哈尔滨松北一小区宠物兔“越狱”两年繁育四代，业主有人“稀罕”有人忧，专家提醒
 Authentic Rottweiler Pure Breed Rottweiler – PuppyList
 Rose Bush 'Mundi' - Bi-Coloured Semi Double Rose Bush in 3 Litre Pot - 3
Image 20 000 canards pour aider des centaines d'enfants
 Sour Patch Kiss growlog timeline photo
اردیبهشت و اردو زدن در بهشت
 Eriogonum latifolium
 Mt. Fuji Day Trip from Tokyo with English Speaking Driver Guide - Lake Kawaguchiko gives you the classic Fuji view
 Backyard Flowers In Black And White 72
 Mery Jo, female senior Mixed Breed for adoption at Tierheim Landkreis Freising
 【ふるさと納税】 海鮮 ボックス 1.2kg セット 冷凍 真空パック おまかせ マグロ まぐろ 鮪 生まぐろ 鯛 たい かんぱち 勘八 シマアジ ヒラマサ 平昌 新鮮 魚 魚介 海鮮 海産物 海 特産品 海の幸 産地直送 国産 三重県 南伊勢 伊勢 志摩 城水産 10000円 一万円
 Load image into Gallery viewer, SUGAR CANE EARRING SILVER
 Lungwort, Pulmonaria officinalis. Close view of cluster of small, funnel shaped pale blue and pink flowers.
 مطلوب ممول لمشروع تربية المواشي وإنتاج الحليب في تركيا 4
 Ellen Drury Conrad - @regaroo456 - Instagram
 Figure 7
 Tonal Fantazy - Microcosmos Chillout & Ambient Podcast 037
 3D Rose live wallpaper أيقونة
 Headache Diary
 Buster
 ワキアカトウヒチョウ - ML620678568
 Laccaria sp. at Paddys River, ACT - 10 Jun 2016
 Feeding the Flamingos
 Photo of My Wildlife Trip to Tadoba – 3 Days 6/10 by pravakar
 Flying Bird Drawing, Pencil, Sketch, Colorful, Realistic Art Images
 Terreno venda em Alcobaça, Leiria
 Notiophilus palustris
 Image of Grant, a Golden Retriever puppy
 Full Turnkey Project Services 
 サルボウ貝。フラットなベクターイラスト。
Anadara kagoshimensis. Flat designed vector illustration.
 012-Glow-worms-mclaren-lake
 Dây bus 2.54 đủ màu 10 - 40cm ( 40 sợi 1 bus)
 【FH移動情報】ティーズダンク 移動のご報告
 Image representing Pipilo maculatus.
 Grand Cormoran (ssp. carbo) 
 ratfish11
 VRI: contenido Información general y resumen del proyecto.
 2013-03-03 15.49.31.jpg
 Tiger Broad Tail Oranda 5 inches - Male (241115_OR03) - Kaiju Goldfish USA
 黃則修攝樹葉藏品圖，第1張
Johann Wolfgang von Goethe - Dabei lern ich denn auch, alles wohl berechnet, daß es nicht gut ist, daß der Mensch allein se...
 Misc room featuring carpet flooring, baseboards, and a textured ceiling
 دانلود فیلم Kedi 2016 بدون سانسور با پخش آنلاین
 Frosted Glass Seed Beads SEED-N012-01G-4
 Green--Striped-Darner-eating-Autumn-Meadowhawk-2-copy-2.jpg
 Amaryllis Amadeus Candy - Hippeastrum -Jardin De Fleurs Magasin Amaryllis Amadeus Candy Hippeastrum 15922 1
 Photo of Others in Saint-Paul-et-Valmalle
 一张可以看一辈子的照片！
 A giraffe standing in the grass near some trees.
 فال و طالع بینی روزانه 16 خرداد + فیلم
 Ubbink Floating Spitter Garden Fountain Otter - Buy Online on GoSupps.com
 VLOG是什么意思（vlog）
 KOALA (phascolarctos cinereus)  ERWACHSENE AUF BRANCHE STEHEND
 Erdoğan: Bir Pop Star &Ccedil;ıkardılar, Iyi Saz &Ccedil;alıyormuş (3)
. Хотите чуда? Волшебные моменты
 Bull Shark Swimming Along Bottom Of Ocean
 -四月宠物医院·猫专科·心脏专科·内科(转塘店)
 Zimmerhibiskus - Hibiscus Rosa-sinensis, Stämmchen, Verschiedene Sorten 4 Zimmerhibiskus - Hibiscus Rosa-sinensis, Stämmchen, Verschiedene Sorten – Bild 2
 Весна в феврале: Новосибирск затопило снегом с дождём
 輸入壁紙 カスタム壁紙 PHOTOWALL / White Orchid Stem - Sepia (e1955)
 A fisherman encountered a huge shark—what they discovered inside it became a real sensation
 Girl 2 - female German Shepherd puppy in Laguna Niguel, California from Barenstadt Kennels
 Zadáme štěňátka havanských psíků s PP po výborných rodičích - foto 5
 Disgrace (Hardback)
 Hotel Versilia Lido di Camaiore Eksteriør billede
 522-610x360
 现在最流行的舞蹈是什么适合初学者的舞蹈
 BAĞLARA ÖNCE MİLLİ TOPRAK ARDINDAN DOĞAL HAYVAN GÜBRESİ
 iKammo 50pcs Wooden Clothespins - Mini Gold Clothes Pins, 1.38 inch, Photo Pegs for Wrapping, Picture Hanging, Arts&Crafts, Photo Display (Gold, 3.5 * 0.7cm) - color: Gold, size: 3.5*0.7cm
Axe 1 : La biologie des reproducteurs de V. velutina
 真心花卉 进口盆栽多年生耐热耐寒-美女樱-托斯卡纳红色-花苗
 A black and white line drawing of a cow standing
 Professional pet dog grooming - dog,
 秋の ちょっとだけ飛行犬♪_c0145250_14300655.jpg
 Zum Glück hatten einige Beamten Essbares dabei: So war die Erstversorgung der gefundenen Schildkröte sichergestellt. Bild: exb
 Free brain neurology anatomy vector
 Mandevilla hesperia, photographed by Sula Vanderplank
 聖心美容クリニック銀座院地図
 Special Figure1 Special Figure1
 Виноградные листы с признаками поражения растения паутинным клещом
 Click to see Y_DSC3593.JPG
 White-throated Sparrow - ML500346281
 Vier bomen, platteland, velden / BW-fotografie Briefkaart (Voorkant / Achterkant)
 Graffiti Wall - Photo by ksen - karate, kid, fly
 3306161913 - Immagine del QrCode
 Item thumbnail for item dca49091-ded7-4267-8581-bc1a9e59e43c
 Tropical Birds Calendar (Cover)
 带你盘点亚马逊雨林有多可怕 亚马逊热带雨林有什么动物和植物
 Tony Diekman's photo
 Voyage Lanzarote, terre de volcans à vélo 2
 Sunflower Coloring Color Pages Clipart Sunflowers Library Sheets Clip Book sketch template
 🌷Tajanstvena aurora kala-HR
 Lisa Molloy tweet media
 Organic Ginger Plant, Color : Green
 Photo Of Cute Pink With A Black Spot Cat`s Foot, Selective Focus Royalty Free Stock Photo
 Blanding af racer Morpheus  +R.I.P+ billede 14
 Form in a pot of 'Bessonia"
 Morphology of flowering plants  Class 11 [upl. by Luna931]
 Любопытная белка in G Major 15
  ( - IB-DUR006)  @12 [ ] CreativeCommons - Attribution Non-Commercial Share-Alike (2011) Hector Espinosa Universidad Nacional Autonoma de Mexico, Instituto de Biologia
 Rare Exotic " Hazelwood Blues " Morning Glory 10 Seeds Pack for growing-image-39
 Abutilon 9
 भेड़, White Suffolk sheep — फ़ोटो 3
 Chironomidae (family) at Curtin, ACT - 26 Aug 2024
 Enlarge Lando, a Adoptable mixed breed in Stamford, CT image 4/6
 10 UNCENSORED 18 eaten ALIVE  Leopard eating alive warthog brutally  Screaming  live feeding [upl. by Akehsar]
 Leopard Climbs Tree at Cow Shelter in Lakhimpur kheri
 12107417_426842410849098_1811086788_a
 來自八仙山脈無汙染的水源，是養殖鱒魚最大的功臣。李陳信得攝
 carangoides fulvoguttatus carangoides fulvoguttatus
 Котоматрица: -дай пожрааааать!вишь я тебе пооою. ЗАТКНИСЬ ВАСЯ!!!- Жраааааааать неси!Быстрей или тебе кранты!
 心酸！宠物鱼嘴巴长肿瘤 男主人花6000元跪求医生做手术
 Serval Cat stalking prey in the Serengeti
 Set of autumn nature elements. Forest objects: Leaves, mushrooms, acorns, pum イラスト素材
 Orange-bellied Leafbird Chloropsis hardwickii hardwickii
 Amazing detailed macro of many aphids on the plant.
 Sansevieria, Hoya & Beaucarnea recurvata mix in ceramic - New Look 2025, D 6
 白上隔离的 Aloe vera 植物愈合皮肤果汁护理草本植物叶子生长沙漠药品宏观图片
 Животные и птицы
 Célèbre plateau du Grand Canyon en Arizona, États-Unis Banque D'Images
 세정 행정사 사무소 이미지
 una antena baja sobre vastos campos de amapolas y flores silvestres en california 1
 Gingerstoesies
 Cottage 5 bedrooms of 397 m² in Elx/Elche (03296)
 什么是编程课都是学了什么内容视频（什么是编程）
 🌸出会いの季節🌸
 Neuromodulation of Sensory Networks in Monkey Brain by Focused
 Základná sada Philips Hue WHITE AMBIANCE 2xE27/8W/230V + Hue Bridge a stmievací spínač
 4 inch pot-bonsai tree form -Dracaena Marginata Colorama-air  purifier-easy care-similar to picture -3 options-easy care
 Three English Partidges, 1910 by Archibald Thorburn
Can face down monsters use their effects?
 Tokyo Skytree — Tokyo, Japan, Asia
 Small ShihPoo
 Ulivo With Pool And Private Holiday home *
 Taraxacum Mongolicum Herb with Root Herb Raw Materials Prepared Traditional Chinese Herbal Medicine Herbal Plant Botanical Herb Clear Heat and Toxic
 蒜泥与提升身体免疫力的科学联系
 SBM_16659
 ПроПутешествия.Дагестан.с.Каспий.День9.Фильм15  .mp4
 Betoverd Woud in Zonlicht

*Prompt*:
If a line above holds the string "Tokyo", copy it out.

*Result below*:
 Mt. Fuji Day Trip from Tokyo with English Speaking Driver Guide - Lake Kawaguchiko gives you the classic Fuji view
 Tokyo Skytree — Tokyo, Japan, Asia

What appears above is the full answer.